Em memória de Nisman foi colocada hoje também uma rosa e uma vela na presença de sua mãe, Sara Garfunkel, e Iara, uma de suas filhas.

“Alberto Nisman foi assassinado por ser promotor da causa AMIA”, sentenciou Eichbaum.

O caso AMIA esteve desde a origem cheio de irregularidades: em 2001 começou um julgamento que terminou em 2004 com a declaração de nulidade de toda a investigação e a absolvição dos policiais argentinos acusados de integrar a conhecida “conexão local”.

Em fevereiro, o ex-presidente Carlos Menem (1989-1999) foi absolvido de um suposto encobertamento da investigação no marco desse processo, embora oito pessoas tenham sido condenadas – com ex-policiais, ex-promotores e ex-espiões na lista -, a entre dois e seis anos de prisão.

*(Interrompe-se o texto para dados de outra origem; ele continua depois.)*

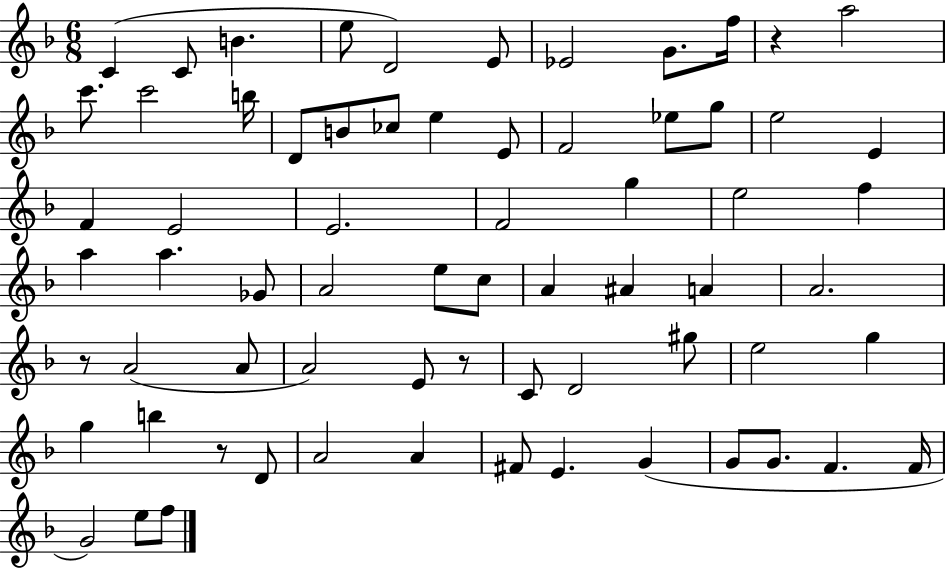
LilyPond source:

{
  \clef treble
  \numericTimeSignature
  \time 6/8
  \key f \major
  \repeat volta 2 { c'4( c'8 b'4. | e''8 d'2) e'8 | ees'2 g'8. f''16 | r4 a''2 | \break c'''8. c'''2 b''16 | d'8 b'8 ces''8 e''4 e'8 | f'2 ees''8 g''8 | e''2 e'4 | \break f'4 e'2 | e'2. | f'2 g''4 | e''2 f''4 | \break a''4 a''4. ges'8 | a'2 e''8 c''8 | a'4 ais'4 a'4 | a'2. | \break r8 a'2( a'8 | a'2) e'8 r8 | c'8 d'2 gis''8 | e''2 g''4 | \break g''4 b''4 r8 d'8 | a'2 a'4 | fis'8 e'4. g'4( | g'8 g'8. f'4. f'16 | \break g'2) e''8 f''8 | } \bar "|."
} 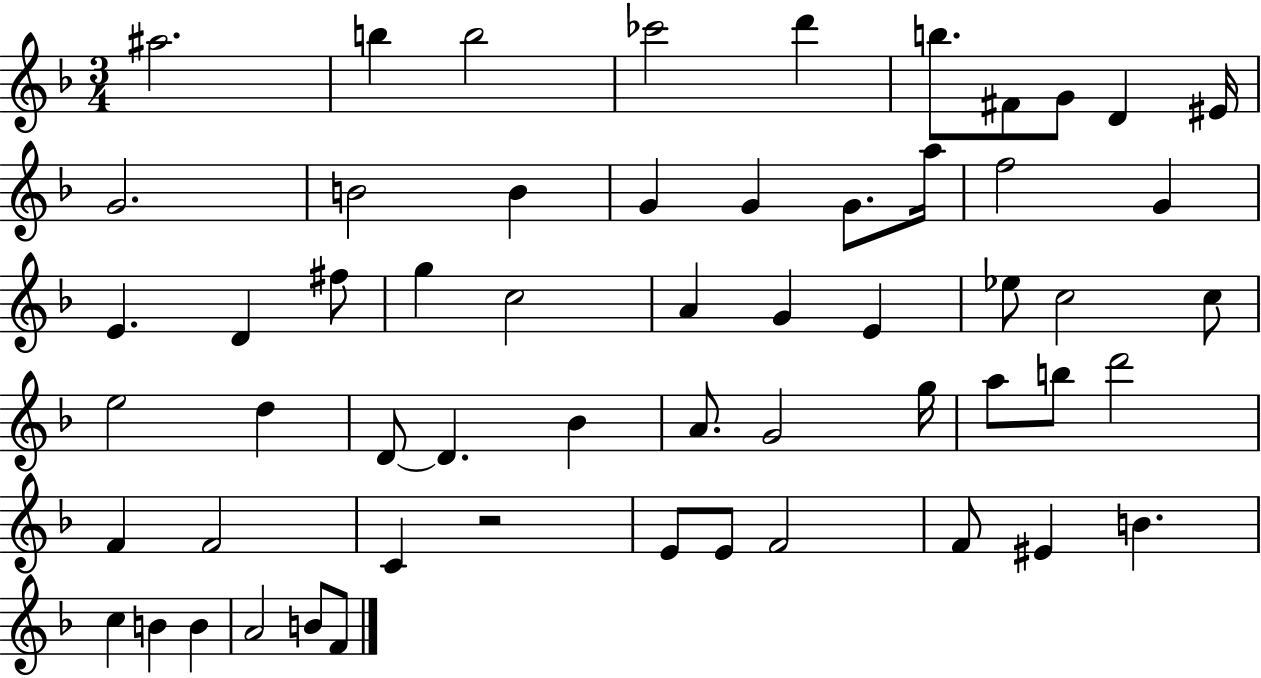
X:1
T:Untitled
M:3/4
L:1/4
K:F
^a2 b b2 _c'2 d' b/2 ^F/2 G/2 D ^E/4 G2 B2 B G G G/2 a/4 f2 G E D ^f/2 g c2 A G E _e/2 c2 c/2 e2 d D/2 D _B A/2 G2 g/4 a/2 b/2 d'2 F F2 C z2 E/2 E/2 F2 F/2 ^E B c B B A2 B/2 F/2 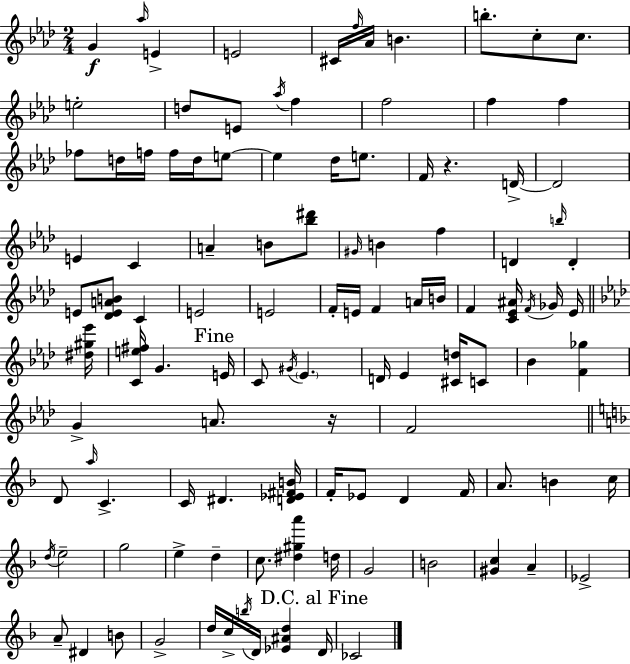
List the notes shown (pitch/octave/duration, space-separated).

G4/q Ab5/s E4/q E4/h C#4/s F5/s Ab4/s B4/q. B5/e. C5/e C5/e. E5/h D5/e E4/e Ab5/s F5/q F5/h F5/q F5/q FES5/e D5/s F5/s F5/s D5/s E5/e E5/q Db5/s E5/e. F4/s R/q. D4/s D4/h E4/q C4/q A4/q B4/e [Bb5,D#6]/e G#4/s B4/q F5/q D4/q B5/s D4/q E4/e [Db4,E4,A4,B4]/e C4/q E4/h E4/h F4/s E4/s F4/q A4/s B4/s F4/q [C4,Eb4,A#4]/s F4/s Gb4/s Eb4/s [D#5,G#5,Eb6]/s [C4,E5,F#5]/s G4/q. E4/s C4/e G#4/s Eb4/q. D4/s Eb4/q [C#4,D5]/s C4/e Bb4/q [F4,Gb5]/q G4/q A4/e. R/s F4/h D4/e A5/s C4/q. C4/s D#4/q. [D4,Eb4,F#4,B4]/s F4/s Eb4/e D4/q F4/s A4/e. B4/q C5/s D5/s E5/h G5/h E5/q D5/q C5/e. [D#5,G#5,A6]/q D5/s G4/h B4/h [G#4,C5]/q A4/q Eb4/h A4/e D#4/q B4/e G4/h D5/s C5/s B5/s D4/s [Eb4,A#4,D5]/q D4/s CES4/h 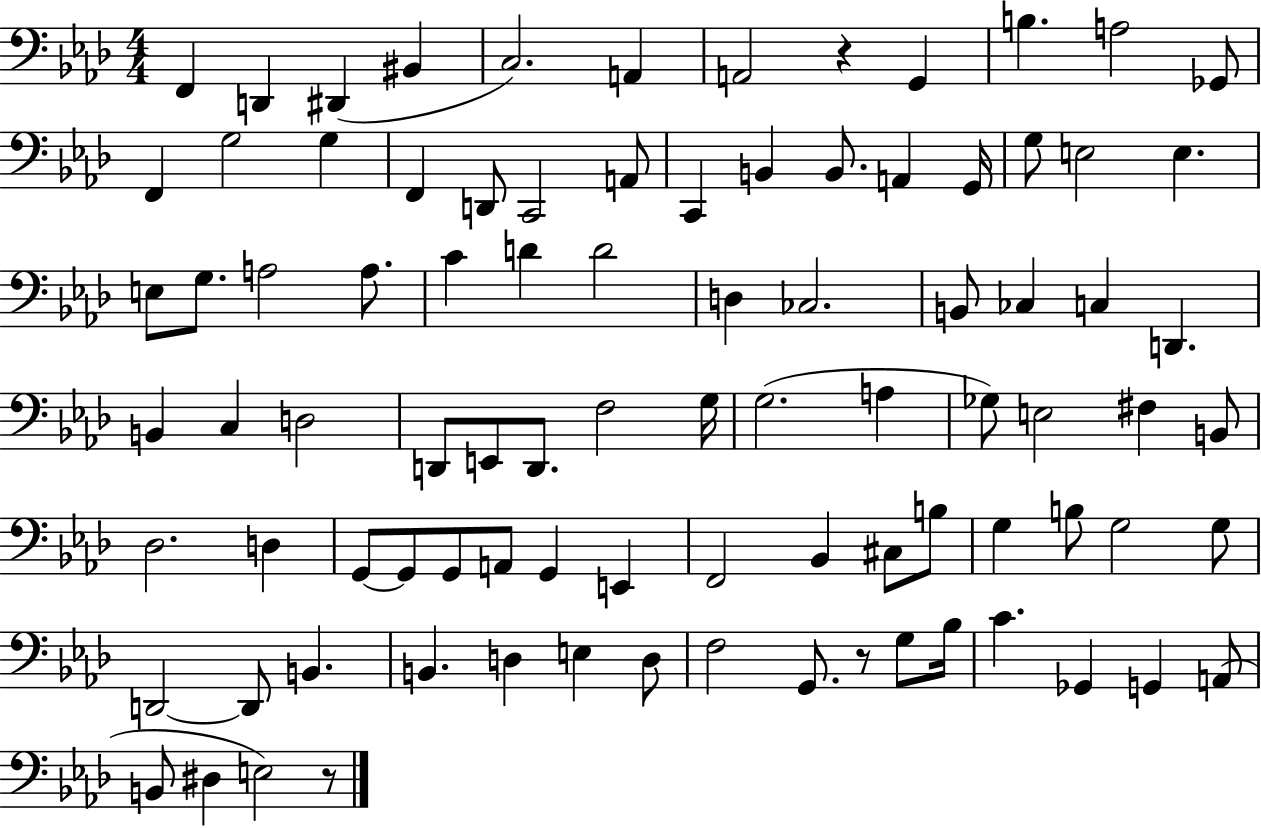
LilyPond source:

{
  \clef bass
  \numericTimeSignature
  \time 4/4
  \key aes \major
  f,4 d,4 dis,4( bis,4 | c2.) a,4 | a,2 r4 g,4 | b4. a2 ges,8 | \break f,4 g2 g4 | f,4 d,8 c,2 a,8 | c,4 b,4 b,8. a,4 g,16 | g8 e2 e4. | \break e8 g8. a2 a8. | c'4 d'4 d'2 | d4 ces2. | b,8 ces4 c4 d,4. | \break b,4 c4 d2 | d,8 e,8 d,8. f2 g16 | g2.( a4 | ges8) e2 fis4 b,8 | \break des2. d4 | g,8~~ g,8 g,8 a,8 g,4 e,4 | f,2 bes,4 cis8 b8 | g4 b8 g2 g8 | \break d,2~~ d,8 b,4. | b,4. d4 e4 d8 | f2 g,8. r8 g8 bes16 | c'4. ges,4 g,4 a,8( | \break b,8 dis4 e2) r8 | \bar "|."
} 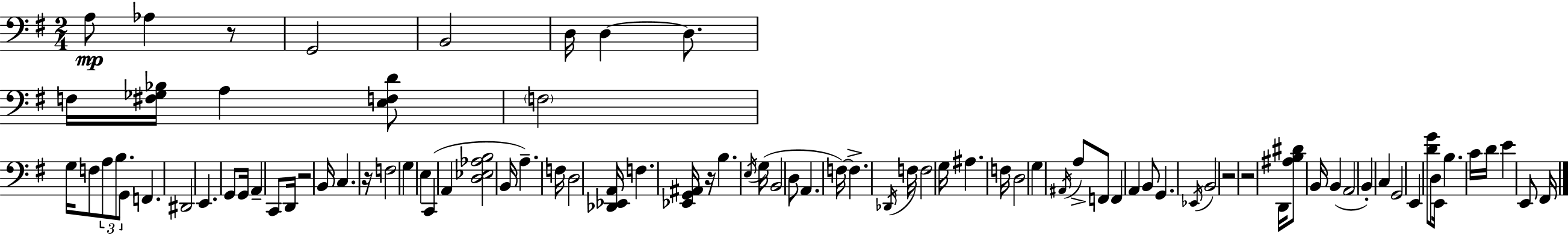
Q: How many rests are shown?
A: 6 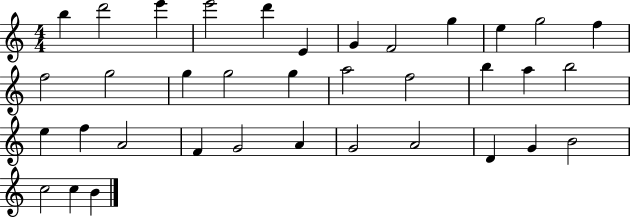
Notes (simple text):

B5/q D6/h E6/q E6/h D6/q E4/q G4/q F4/h G5/q E5/q G5/h F5/q F5/h G5/h G5/q G5/h G5/q A5/h F5/h B5/q A5/q B5/h E5/q F5/q A4/h F4/q G4/h A4/q G4/h A4/h D4/q G4/q B4/h C5/h C5/q B4/q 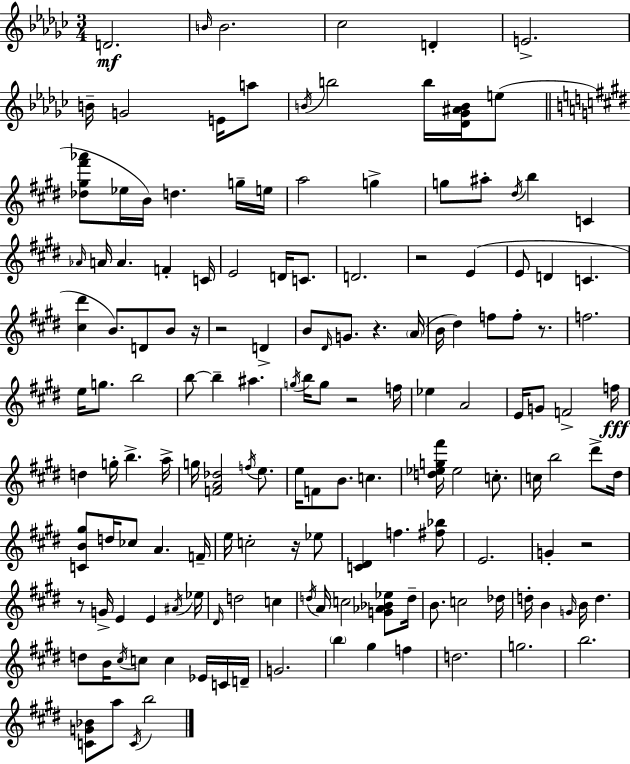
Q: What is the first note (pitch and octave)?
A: D4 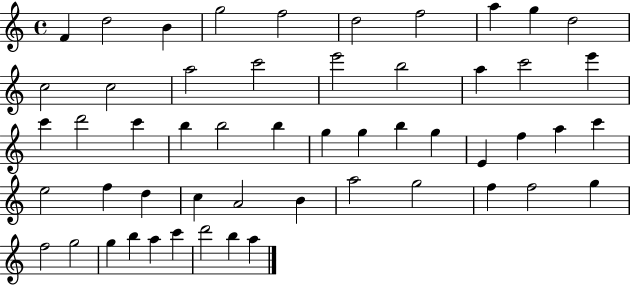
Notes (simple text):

F4/q D5/h B4/q G5/h F5/h D5/h F5/h A5/q G5/q D5/h C5/h C5/h A5/h C6/h E6/h B5/h A5/q C6/h E6/q C6/q D6/h C6/q B5/q B5/h B5/q G5/q G5/q B5/q G5/q E4/q F5/q A5/q C6/q E5/h F5/q D5/q C5/q A4/h B4/q A5/h G5/h F5/q F5/h G5/q F5/h G5/h G5/q B5/q A5/q C6/q D6/h B5/q A5/q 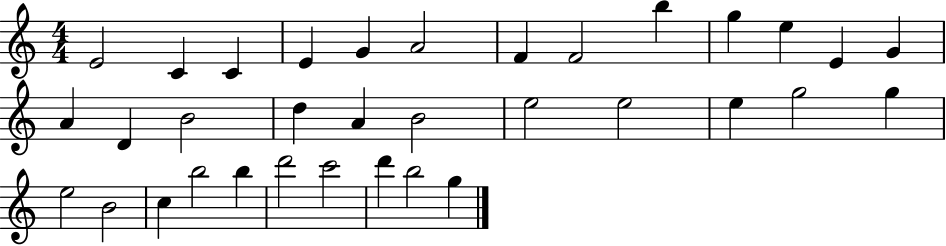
E4/h C4/q C4/q E4/q G4/q A4/h F4/q F4/h B5/q G5/q E5/q E4/q G4/q A4/q D4/q B4/h D5/q A4/q B4/h E5/h E5/h E5/q G5/h G5/q E5/h B4/h C5/q B5/h B5/q D6/h C6/h D6/q B5/h G5/q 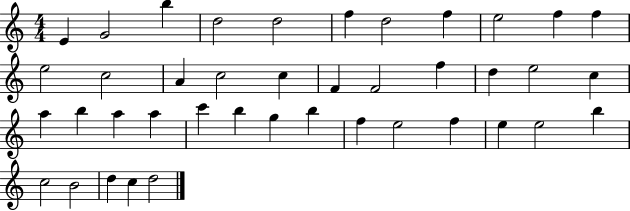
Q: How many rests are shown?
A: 0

A suposta responsabilidade de Menem apontava ao suposto abandono deliberado da investigação sobre o cidadão de origem síria Alberto Kanoore Edul, que aparentemente tinha vínculos com a família Menem.

Atualmente foi realizado um julgamento do advogado e comerciante de automóveis argentinos Carlos Telleldín, investigado pela preparação e entrega da caminhonete Trafic supostamente utilizada para o atentado.